(Extracted data)
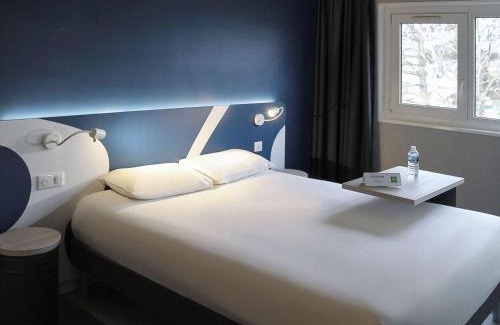 Beauvais Hotel | ibis Styles Beauvais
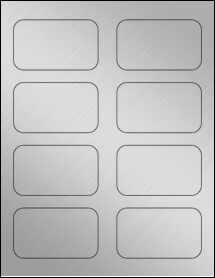 Product thumbnail for ol3040sp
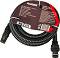   ∅ 1"    Raider - 4  7 m   Power Tools - 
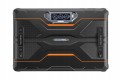 Tablet Oukitel RT8 6/256GB Orange Rugged 20000 mAh bez ładowarki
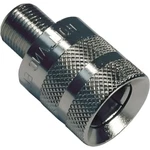 Holland Electronics G-PF-59 Push-on Adapter. Fixed Price $14.99.
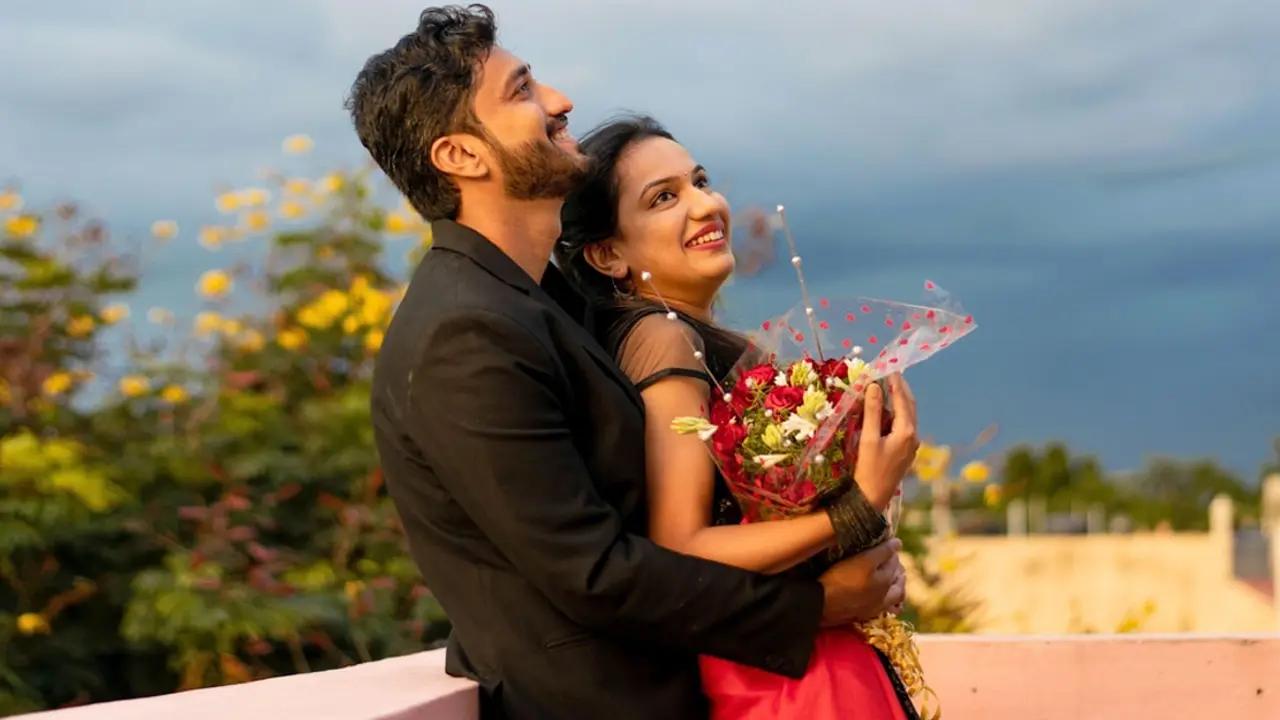 হানিমুনের পরিকল্পনা করার আগে যা জানা জরুরি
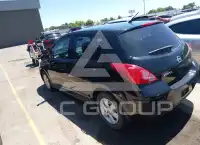 2009 Nissan VERSA фото
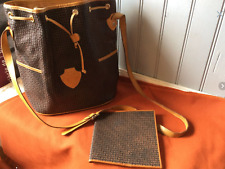Sac seau ted d'occasion  Paris XIII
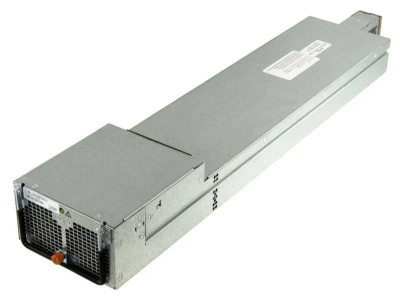 071-000-559 - EMC 400W 12V DC Power Supply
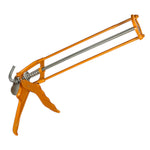 Load image into Gallery viewer, Caulking Gun (SL3128GUN)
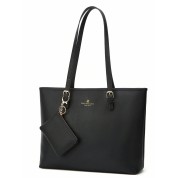 Pefect Carry On Bag For Women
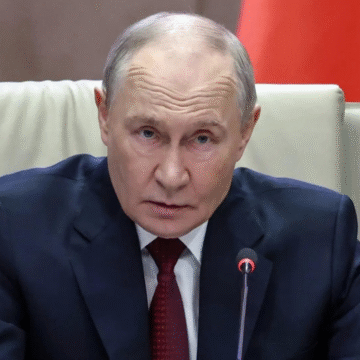 Putin-Modi meet: Russian president to visit India on December 4; what’s on agenda?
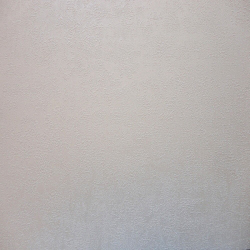 Duvar Kağıdı: 5505-04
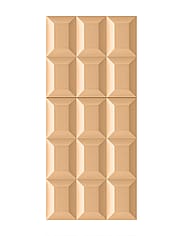 Miniaturebillede 1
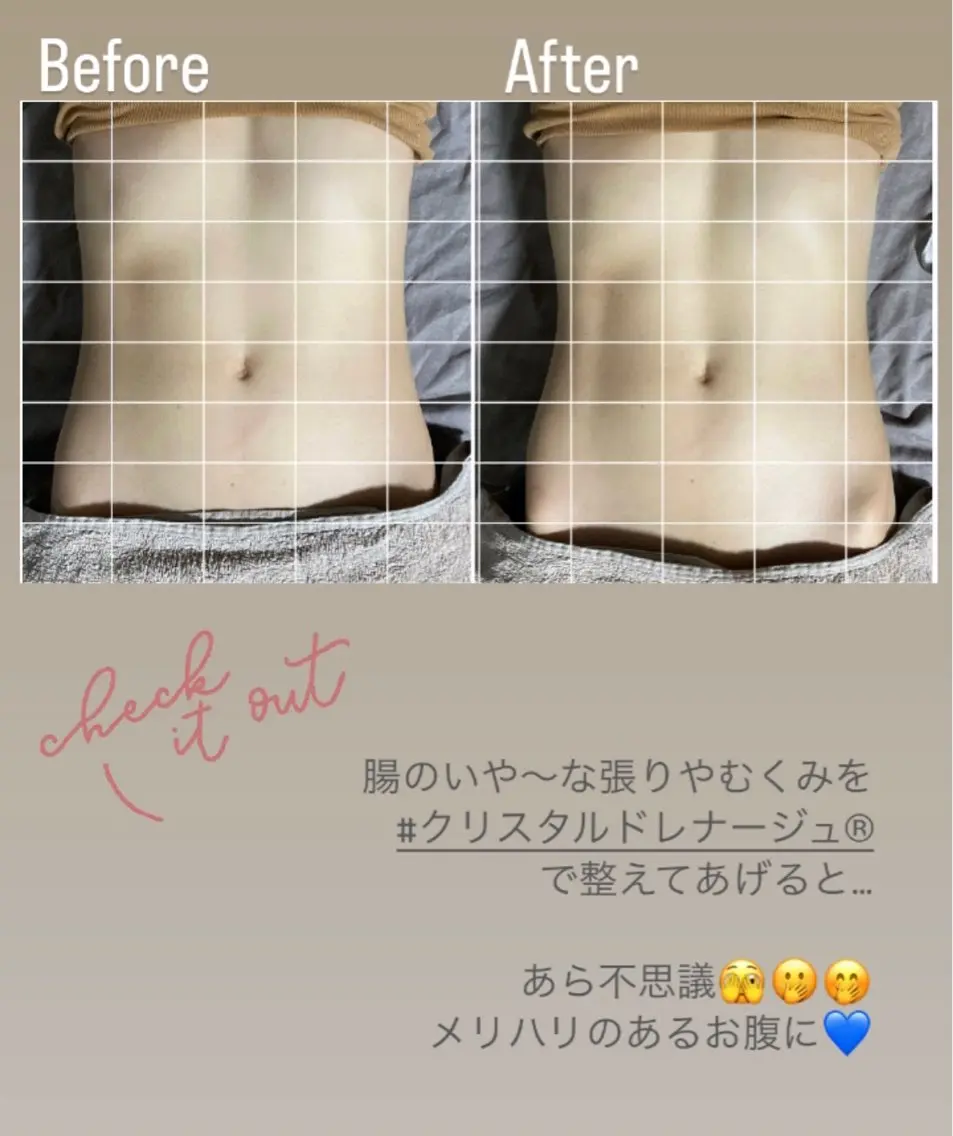 まつ毛の悩み解消 Dacha吉岡の眉毛・アイブロウイメージ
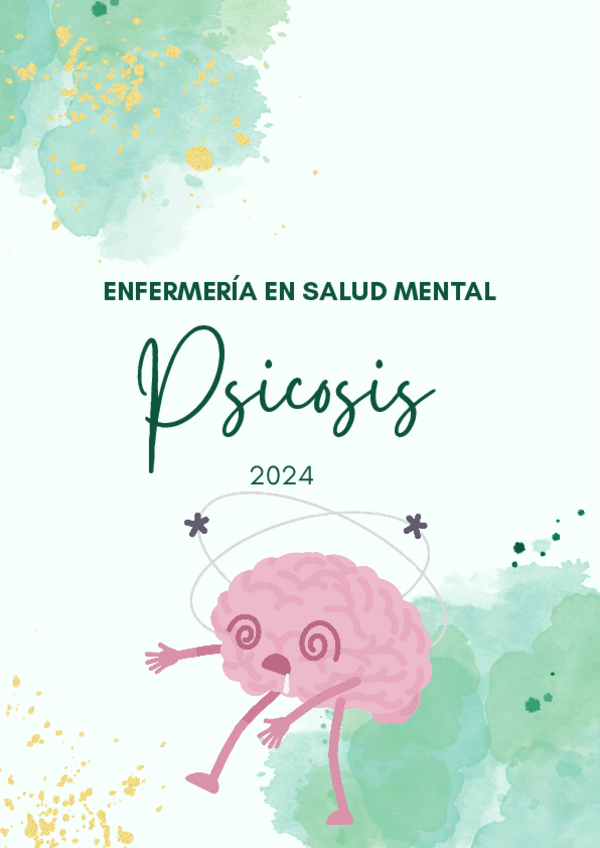 Miniatura del documento Psicosis.pdf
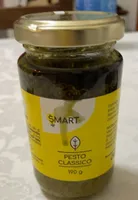 Pesto classico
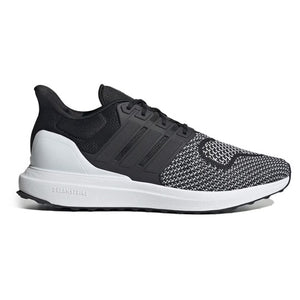 Adidas Men's Ultradream DNA Shoes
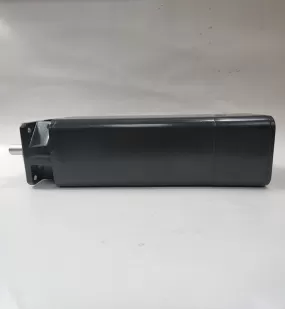 6ES7215-1AG40-0XB0 SIEMENS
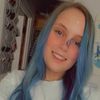 thatsjustaud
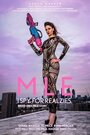 M.L.E. (2015) скачать бесплатно в хорошем качестве без регистрации и смс 1080p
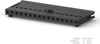 FFC Connectors - 1-487769-4 - TE Connectivity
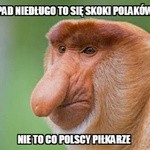 Memy po meczu Polska-Włochy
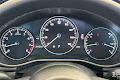 2023 Mazda Mazda3 2.5 S Premium Package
(End Extracted data)
▸ Directions
Where a line contains "Adidas Men's Ultradream DNA Shoes", begin there and transcribe every line through the last one of the records above, exactly and with no pictures.

▸ Reply to the task
 Adidas Men's Ultradream DNA Shoes
 6ES7215-1AG40-0XB0 SIEMENS
 thatsjustaud
 M.L.E. (2015) скачать бесплатно в хорошем качестве без регистрации и смс 1080p
 FFC Connectors - 1-487769-4 - TE Connectivity
 Memy po meczu Polska-Włochy
 2023 Mazda Mazda3 2.5 S Premium Package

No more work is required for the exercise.